Usually the HP and LP filter section of the crossover are just wired in parallel to the same terminals, but are independent. The one with the large inductor is usually the woofer section 

Biamping with a passive crossover is more about allowing more precise tuning of levels and matching amps to the sections. For instance, a high current amp that would be great for a subwoofer or woofer might not be ideal for the tweeter. Additionally, if you designed the speakers yourself, you can have sensitivities widely mis-matched and not have to have level matching circuits or falloff filter sections to make sure they sound at the same volume when played through the same amp.

When the tweeter is more sensitive, it's pretty easy to knock it down a little to match (look up L-pad) -- it's just two resistors. When the woofer is more sensitive, it is more difficult to quiet down, since it handles more power and a simple L-Pad would use very expensive resistors to handle the current. If you biamp, though, you can just adjust the gain on the woofer section down and match the levels with no problem.

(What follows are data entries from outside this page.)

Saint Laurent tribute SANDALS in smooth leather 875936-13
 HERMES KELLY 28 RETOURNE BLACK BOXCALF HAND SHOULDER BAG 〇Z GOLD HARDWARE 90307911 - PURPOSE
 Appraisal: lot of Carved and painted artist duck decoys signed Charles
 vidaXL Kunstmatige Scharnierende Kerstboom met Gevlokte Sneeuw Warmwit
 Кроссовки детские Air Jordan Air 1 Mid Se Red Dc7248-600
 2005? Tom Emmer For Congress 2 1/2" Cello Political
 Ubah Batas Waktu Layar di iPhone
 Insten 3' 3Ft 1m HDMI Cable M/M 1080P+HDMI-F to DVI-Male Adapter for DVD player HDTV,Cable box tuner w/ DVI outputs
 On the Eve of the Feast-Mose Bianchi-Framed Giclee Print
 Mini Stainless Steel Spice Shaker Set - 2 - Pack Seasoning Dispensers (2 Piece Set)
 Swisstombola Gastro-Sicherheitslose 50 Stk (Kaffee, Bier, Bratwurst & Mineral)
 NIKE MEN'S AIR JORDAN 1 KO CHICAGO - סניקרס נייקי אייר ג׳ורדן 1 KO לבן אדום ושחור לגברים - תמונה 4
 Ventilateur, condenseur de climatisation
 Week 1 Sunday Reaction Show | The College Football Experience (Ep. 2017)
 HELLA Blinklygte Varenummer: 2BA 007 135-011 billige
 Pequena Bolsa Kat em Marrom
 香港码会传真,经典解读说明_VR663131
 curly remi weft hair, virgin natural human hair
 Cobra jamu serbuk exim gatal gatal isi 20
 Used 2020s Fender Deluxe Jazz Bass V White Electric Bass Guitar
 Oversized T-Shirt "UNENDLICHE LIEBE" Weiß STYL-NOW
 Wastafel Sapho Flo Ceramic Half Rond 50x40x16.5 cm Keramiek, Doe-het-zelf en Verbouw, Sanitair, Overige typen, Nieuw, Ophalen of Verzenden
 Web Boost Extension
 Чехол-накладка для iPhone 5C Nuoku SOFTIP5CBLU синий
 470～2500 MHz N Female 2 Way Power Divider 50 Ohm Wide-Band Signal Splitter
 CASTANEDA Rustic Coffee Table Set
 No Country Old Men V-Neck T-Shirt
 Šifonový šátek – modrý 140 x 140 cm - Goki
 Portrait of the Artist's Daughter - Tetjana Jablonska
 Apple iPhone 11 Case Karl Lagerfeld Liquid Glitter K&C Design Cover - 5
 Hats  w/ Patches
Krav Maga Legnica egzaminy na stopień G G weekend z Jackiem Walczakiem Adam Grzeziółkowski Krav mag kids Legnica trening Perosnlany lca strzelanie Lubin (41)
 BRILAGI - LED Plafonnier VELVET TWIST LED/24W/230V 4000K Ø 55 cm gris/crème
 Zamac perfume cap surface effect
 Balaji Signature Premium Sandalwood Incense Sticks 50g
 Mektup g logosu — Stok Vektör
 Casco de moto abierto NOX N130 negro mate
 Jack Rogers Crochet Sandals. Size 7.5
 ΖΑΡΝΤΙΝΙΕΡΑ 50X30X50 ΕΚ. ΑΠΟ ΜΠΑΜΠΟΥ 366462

If you are simply using two channels of the same amp for woofer and tweeter sections, the benefit would be gaining more bandwidth the drive the speakers and not letting a limitation of the amp color the sound. There are some benefits to separating two reactive loads (impedance, group delay, phase, that sort of thing), but I have to admit I'm pretty rusty on that. Hopefully one of our resident electrical engineers will chime in.

Good luck.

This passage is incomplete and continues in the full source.